Effect of Fluorination on the Polymorphism and Photomechanical Properties of Cinnamalmalononitrile Crystals

Cinnamalmalononitrile (CM) derivatives have been shown to exhibit a strong photomechanical response in the crystal form. In this paper, the effects of fluorine substitution on the molecular properties, crystal packing, and solid-state photochemical reactivity on this family of photochromes are explored. The addition of fluorines shifts the molecular S0 – S1 gap to a higher energy up to 0.4 eV. Fluorination also enables polymorphism in some of the derivatives that effectively controls whether or not they can undergo the [2 + 2] photodimerization. Depending on the substitution pattern, either the head-to-tail (HT, unreactive) or head-to-head (HH, reactive) crystal forms could be obtained. For some derivatives, both polymorphs could be grown depending on the solvent. Theoretical calculations on a subset of these molecules clarify how the fluorination of the CM framework modifies the polymorph landscape and shifts the energetics of the different packing motifs.

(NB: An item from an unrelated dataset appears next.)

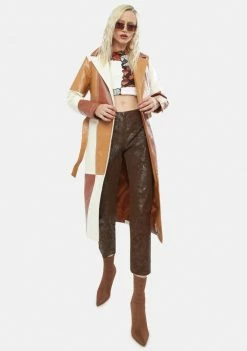 Cheapest 🛒 Jaded London Patchwork Vegan Leather Belted Trench 🧥 Coat Outerwear 🎉 8 Jaded London Patchwork Vegan Leather Belted Trench Coat Outerwear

The CMs appear to support a rich polymorph landscape where HH and HT structures coexist within a few kJ/mol of each other, allowing the simple exchange of an aromatic H atom for an F atom to cause a complete loss of photomechanical activity due to changes in crystal packing. The experimental and computational results highlight how even minor modifications to the molecular structure can alter the resulting crystal structures and photomechanical behavior.